The two most significant revisions are:
- Relocation and expansion of a 36-apartment senior housing complex to a separate parcel to the east, closer to the junction of Carlisle and North roads
- Conversion of a building containing 51 rental apartments to a 42-unit condominium structure with 100 percent ownership
The original site was earmarked for 139 single-family, duplex, triplex, townhouse, and apartment units. That number has been reduced to 120. The location is 35 acres – most of them wetlands – on the north side of Carlisle Road, a little east and across the street from the compost center.
DeVellis, the land-use attorney and landscape architect who grew up in Bedford and built the Edge Sports Center and some residential streets, first announced the concept in the summer of 2021.
The Select Board and the Housing Partnership have already endorsed the proposal, as required by state law designating it a Local Initiative Project (LIP). That process allows the project to bypass zoning density requirements if at least 25 percent of the units meet the state definition of affordable housing.
The latest plan calls for 31 affordable units on the original site and an additional 13 on the eastern parcel.
In a memo to both boards accompanying a summary of the revisions, DeVellis wrote that although the changes “could be considered a modification to respond to your comments, there is also enough change here to warrant review and reconfirmation of the revision by both of your respective boards.”
The Housing Partnership – after two hours of discussion — gave unanimous approval to the modified plan at a meeting Tuesday, although the group was not unified about individual details.
If the Select Board also reconfirms at its meeting next Monday, DeVellis will forward the proposal to the state Department of Housing and Community Development, which validates physical and financial feasibility. The final stop – and the one involving the most time and detail – is the Zoning Board of Appeals for a comprehensive permit.
At the May 23 Select Board meeting, members voted to support the LIP but asked DeVellis to try to replace the apartment building with townhouses or duplexes; reduce the number of rental units; and implement restrictions that if allowable would guarantee that the 36-unit apartment building would be exclusively for senior citizens.

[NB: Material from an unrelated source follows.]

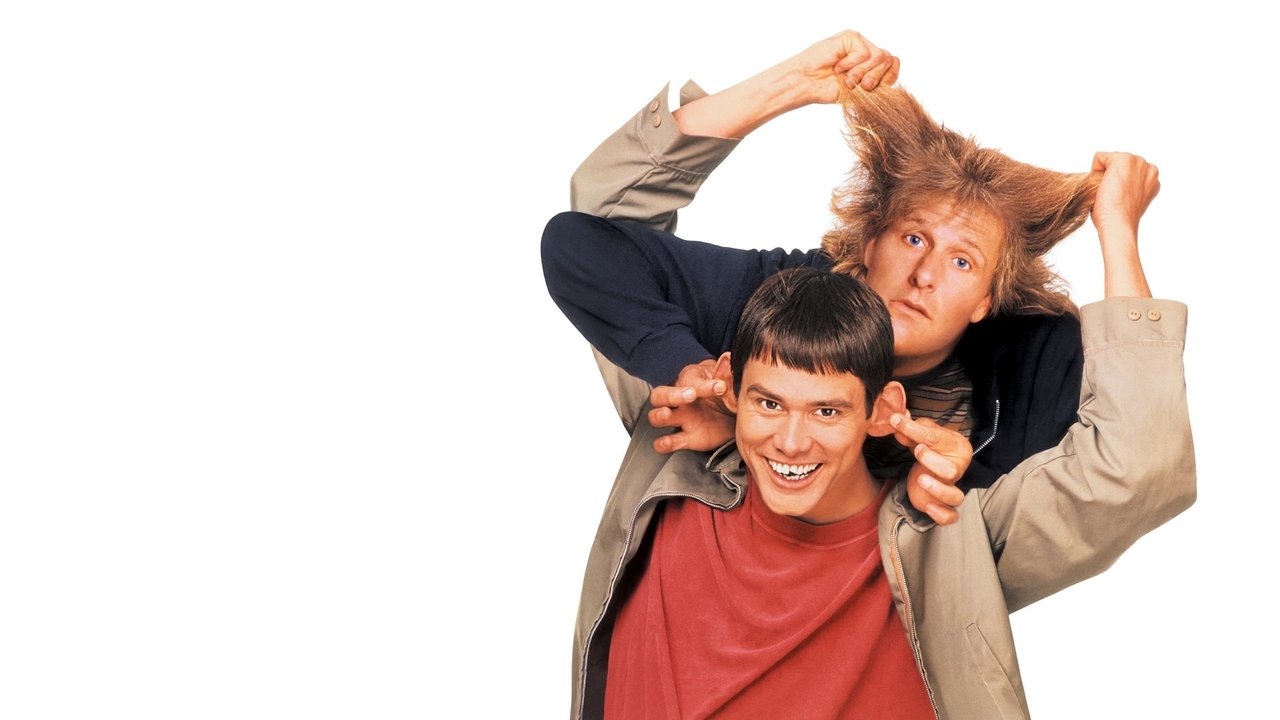 Dumb and Dumber still 4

The relocated apartment building revives development plans for that 14-acre parcel. DeVellis’s original idea was to build “co-housing” on that site, a concept similar to college dormitory suites, with common living and cooking space and separate bedrooms. That idea was put on hold after state officials indicated it was not an eligible consideration as affordable housing under the LIP.
In his memo to the boards, DeVellis said the relocation is intended “to afford greater access to the North Road business district.”

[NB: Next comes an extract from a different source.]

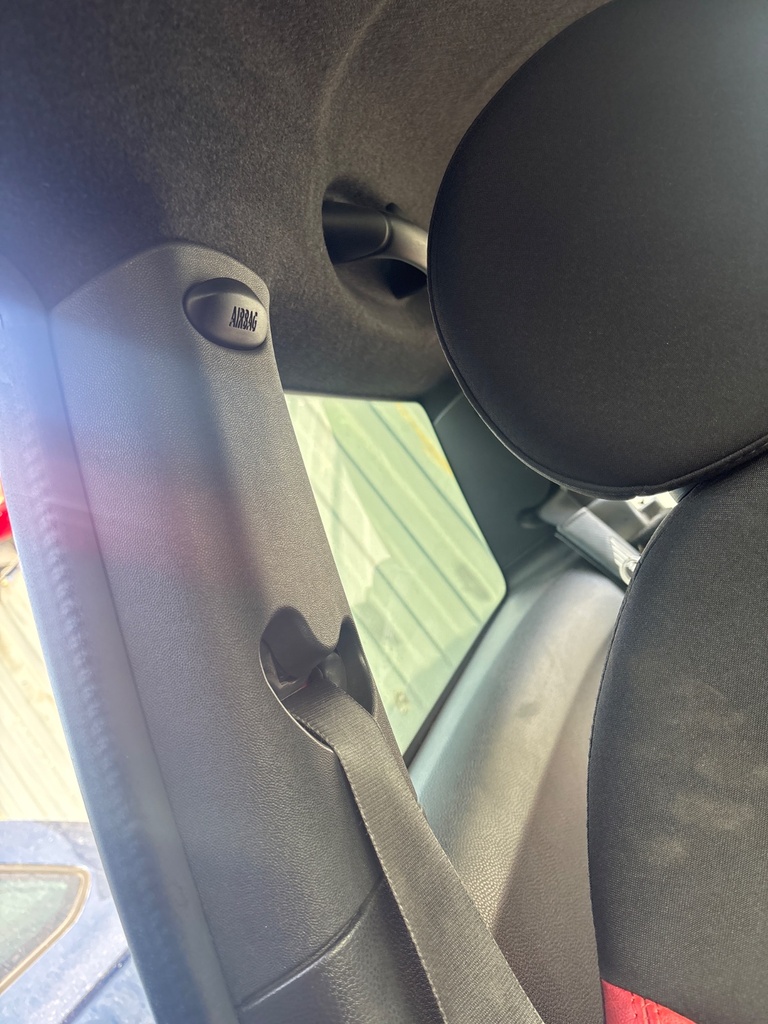 [EPE-120120] Embellecedor Pilar B Mini Cooper D 2010-2013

The revised plans also add a single-family house, three triplexes, and 16 free-standing townhouses.
None of the units on the larger parcel are currently designated as rental. However, when members of the Housing Partnership asked DeVellis if he would support some rental units, he replied that he could do 10-to-20 percent rentals across all types of the housing stock. The group favored 20 percent by a 3-2 vote, with Chair Christina Wilgren expressing displeasure at the decrease in ownership units.

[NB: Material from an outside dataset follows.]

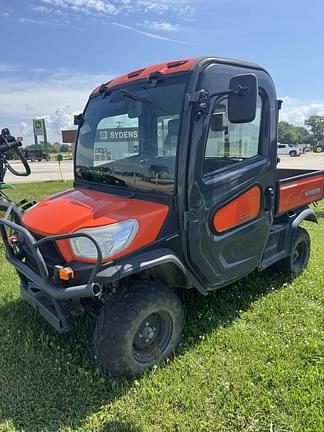 Image of Kubota RTV-X1100 Primary image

Under the lottery system for assigning affordable housing units, the town can request up to 70 percent local preference for purchase and rental options. But the partnership voted 3-1 in opposition to that concept. However, members agreed there is much more upon which to deliberate depending on how the final plan is designed.
Partnership members supported designing and marketing the apartments on the new, smaller site so that they would be attractive to seniors. But Wilgren was the only one who favored a 55-year-old minimum age restriction for that building. Members asked if it is legal to restrict renters in the 51-unit building.
Hanegan thanked DeVellis for making the changes “that made a lot of people happy.” Some neighbors were particularly distressed by the three-story multifamily buildings.
A contribution by the developer to help finance improvements that would mitigate traffic congestion at the junction of The Great, North, and Concord Roads (Willson Park) was also a recommendation of the Select Board.